PROMPT: Starting at the line containing "172 W STILLWATER" and ending at the line containing "3 piscinas al", print every line of the material below exactly, both ends included, and stop there.

DATASET EXTRACT:
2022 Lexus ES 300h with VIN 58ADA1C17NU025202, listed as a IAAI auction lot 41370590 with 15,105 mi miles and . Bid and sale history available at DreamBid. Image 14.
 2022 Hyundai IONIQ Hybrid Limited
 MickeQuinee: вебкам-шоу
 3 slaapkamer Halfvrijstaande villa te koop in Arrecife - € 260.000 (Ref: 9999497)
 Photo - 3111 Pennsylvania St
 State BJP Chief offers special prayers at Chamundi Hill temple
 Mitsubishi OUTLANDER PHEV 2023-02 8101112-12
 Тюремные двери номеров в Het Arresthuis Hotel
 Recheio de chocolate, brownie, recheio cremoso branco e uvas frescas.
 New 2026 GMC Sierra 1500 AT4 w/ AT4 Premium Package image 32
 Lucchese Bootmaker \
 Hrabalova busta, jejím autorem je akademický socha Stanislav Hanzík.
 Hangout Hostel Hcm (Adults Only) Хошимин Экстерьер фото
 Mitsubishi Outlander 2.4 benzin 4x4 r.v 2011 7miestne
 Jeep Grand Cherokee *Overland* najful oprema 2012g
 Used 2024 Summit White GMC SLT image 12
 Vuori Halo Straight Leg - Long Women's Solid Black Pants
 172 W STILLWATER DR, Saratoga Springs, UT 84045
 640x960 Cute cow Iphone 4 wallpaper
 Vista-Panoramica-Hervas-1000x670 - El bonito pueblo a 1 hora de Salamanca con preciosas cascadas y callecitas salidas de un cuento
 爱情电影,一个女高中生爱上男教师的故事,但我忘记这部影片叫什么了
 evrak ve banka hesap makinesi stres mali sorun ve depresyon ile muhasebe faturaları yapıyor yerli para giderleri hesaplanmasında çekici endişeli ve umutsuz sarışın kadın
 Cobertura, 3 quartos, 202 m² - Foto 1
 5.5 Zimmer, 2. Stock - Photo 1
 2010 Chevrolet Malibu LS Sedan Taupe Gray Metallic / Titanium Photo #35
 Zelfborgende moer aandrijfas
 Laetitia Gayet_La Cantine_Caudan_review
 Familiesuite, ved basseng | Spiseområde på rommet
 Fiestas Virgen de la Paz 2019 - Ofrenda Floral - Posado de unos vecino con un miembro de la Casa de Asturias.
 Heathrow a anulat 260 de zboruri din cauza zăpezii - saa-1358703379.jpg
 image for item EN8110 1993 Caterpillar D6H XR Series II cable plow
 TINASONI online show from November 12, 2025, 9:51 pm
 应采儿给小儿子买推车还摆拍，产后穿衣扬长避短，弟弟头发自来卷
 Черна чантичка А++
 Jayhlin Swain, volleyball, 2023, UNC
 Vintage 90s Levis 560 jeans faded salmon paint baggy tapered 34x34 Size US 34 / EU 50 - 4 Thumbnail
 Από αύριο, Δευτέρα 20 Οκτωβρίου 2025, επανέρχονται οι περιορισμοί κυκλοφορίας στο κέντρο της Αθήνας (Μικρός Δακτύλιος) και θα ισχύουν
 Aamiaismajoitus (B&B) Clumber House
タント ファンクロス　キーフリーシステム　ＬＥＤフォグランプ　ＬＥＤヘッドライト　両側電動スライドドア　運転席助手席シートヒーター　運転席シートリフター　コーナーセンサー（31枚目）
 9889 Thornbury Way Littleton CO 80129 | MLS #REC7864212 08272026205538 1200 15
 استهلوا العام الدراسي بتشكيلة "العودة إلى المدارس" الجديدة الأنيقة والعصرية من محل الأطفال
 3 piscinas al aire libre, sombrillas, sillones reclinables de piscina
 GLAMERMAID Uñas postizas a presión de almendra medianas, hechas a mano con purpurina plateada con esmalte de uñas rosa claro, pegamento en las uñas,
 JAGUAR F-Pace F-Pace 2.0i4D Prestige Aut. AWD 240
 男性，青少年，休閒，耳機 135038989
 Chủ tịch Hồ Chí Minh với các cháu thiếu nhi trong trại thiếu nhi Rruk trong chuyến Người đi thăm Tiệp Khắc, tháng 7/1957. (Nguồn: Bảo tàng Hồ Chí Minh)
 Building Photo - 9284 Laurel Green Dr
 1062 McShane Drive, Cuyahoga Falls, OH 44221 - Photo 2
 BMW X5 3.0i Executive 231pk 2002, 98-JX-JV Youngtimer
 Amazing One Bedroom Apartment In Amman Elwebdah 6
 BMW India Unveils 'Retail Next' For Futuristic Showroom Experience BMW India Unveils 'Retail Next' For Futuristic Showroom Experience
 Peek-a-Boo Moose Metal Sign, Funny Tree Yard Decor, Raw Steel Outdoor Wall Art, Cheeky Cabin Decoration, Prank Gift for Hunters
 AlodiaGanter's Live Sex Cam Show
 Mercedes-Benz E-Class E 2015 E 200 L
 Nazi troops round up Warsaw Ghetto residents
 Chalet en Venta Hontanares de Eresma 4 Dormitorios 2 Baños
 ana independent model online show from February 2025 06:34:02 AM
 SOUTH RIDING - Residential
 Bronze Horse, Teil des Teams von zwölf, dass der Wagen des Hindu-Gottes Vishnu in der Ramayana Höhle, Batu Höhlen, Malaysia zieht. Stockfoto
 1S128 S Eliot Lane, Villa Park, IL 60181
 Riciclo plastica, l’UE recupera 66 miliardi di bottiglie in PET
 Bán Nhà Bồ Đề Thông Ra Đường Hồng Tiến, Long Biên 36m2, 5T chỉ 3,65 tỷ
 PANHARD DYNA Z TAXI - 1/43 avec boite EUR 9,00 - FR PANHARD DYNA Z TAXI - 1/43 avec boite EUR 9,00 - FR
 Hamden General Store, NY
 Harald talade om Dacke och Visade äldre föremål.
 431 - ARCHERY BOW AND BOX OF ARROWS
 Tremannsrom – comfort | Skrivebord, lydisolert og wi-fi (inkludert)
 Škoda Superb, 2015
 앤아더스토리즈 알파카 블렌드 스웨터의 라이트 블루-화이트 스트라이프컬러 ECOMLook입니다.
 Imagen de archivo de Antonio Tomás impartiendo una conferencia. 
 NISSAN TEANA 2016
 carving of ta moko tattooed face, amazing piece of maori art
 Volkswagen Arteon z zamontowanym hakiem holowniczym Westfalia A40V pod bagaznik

RESPONSE TO THE TASK:
 172 W STILLWATER DR, Saratoga Springs, UT 84045
 640x960 Cute cow Iphone 4 wallpaper
 Vista-Panoramica-Hervas-1000x670 - El bonito pueblo a 1 hora de Salamanca con preciosas cascadas y callecitas salidas de un cuento
 爱情电影,一个女高中生爱上男教师的故事,但我忘记这部影片叫什么了
 evrak ve banka hesap makinesi stres mali sorun ve depresyon ile muhasebe faturaları yapıyor yerli para giderleri hesaplanmasında çekici endişeli ve umutsuz sarışın kadın
 Cobertura, 3 quartos, 202 m² - Foto 1
 5.5 Zimmer, 2. Stock - Photo 1
 2010 Chevrolet Malibu LS Sedan Taupe Gray Metallic / Titanium Photo #35
 Zelfborgende moer aandrijfas
 Laetitia Gayet_La Cantine_Caudan_review
 Familiesuite, ved basseng | Spiseområde på rommet
 Fiestas Virgen de la Paz 2019 - Ofrenda Floral - Posado de unos vecino con un miembro de la Casa de Asturias.
 Heathrow a anulat 260 de zboruri din cauza zăpezii - saa-1358703379.jpg
 image for item EN8110 1993 Caterpillar D6H XR Series II cable plow
 TINASONI online show from November 12, 2025, 9:51 pm
 应采儿给小儿子买推车还摆拍，产后穿衣扬长避短，弟弟头发自来卷
 Черна чантичка А++
 Jayhlin Swain, volleyball, 2023, UNC
 Vintage 90s Levis 560 jeans faded salmon paint baggy tapered 34x34 Size US 34 / EU 50 - 4 Thumbnail
 Από αύριο, Δευτέρα 20 Οκτωβρίου 2025, επανέρχονται οι περιορισμοί κυκλοφορίας στο κέντρο της Αθήνας (Μικρός Δακτύλιος) και θα ισχύουν
 Aamiaismajoitus (B&B) Clumber House
タント ファンクロス　キーフリーシステム　ＬＥＤフォグランプ　ＬＥＤヘッドライト　両側電動スライドドア　運転席助手席シートヒーター　運転席シートリフター　コーナーセンサー（31枚目）
 9889 Thornbury Way Littleton CO 80129 | MLS #REC7864212 08272026205538 1200 15
 استهلوا العام الدراسي بتشكيلة "العودة إلى المدارس" الجديدة الأنيقة والعصرية من محل الأطفال
 3 piscinas al aire libre, sombrillas, sillones reclinables de piscina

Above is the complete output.